Reins on foreign media loosened
HANOI - Vietnam is slowly relaxing its tight restrictions on the
activities of foreign media organisations, a trend
observers say will create a more vocal and critical
indigenous press.
A Foreign Ministry official yesterday confirmed that the
BBC would be allowed to set up a bureau in Hanoi, and
that South Korea's government news agency had been
given permission to begin operations.
"We have an open door policy. Any international news
organisation that wants to set up in Vietnam is
welcome," the official said.
The last media organisation to be granted a licence was
Spain's EFE news agency, which opened its Hanoi
bureau in June last year.
Several others, including the Far Eastern Economic
Review and the Asian Wall Street Journal, have
recommenced or will soon recommence operations that
were suspended several years ago.
Chris Greene, BBC World Service managing editor for
Southeast Asia, said the BBC's first application for a
bureau licence was submitted in 1993. He said the new
Hanoi correspondent was expected to arrive within a
few weeks.
"There has been a long history of attacks on our
Vietnamese-language broadcasts in the local press, but
the country is opening up and our Vietnamese-language
section is now more aware of the reality of today's
Vietnam than perhaps they have been in the past," he
said.
"But it's taken time for the authorities to get over their
suspicions. They've always been edgy about
international broadcasters that have a
Vietnamese-language service."
News gathering remains an often frustrating task, with a
prevailing culture of silence and bureaucratic hurdles
making information a precious and often elusive
commodity.
One Hanoi-based Western diplomat agreed that
Vietnam was slowly becoming a "normal" country, a
process he suggested was being driven by an increasing
awareness of its relative isolation from the wider
international community.
"Recently we have seen surprisingly vigorous debate in
the local media that has been quite critical of the
country's leadership and its failure to address a range of
social and economic problems and to engage the
world," he said, adding that an increased presence of
international news organisations would add momentum.

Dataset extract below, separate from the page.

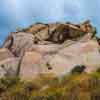 Mt. Rubidoux in Riverside, Califoria, May 2019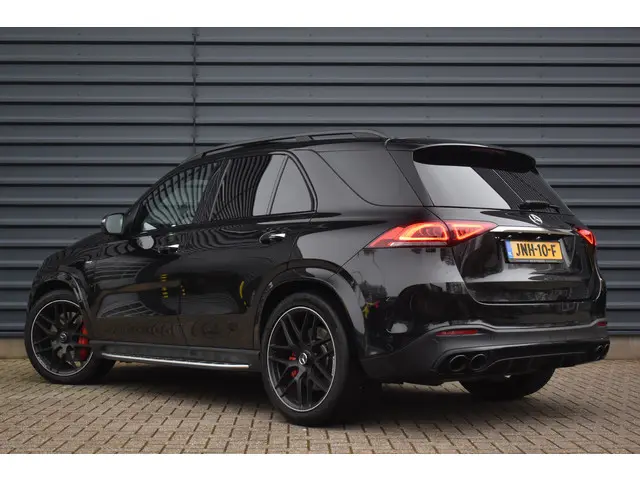 Mercedes-Benz GLE-Klasse AMG 53 4MATIC+ 435pk Premium Plus | Pano | AMG Performance Stuur | Burmester | 360 Camera | Head-Up | 22' Wielen | Multibeam LED |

Although editors are still appointed by the ruling
communist party, the state-controlled media are
becoming more market-driven as government subsidies
are withdrawn.
"Journalists are having to write better and more relevant
stories in order to make sure their newspapers sell," the
diplomat said.
Young local journalists are looking increasingly to
international publications as a guide to professional
standards and in order to identify issues of interest to
their readers.
"Curriculums at journalism schools here focus too much
on the party's history and [ideology] rather than
reporting and writing skills," said one young journalist.
"Editorial policy is still directed by the party through
instructions to editors, but the media, particularly in Ho
Chi Minh City, are starting to do more investigative
stories that have resulted in many positive changes," he
said.
By Huw Watkin - The South China Morning Post - June 23, 2000.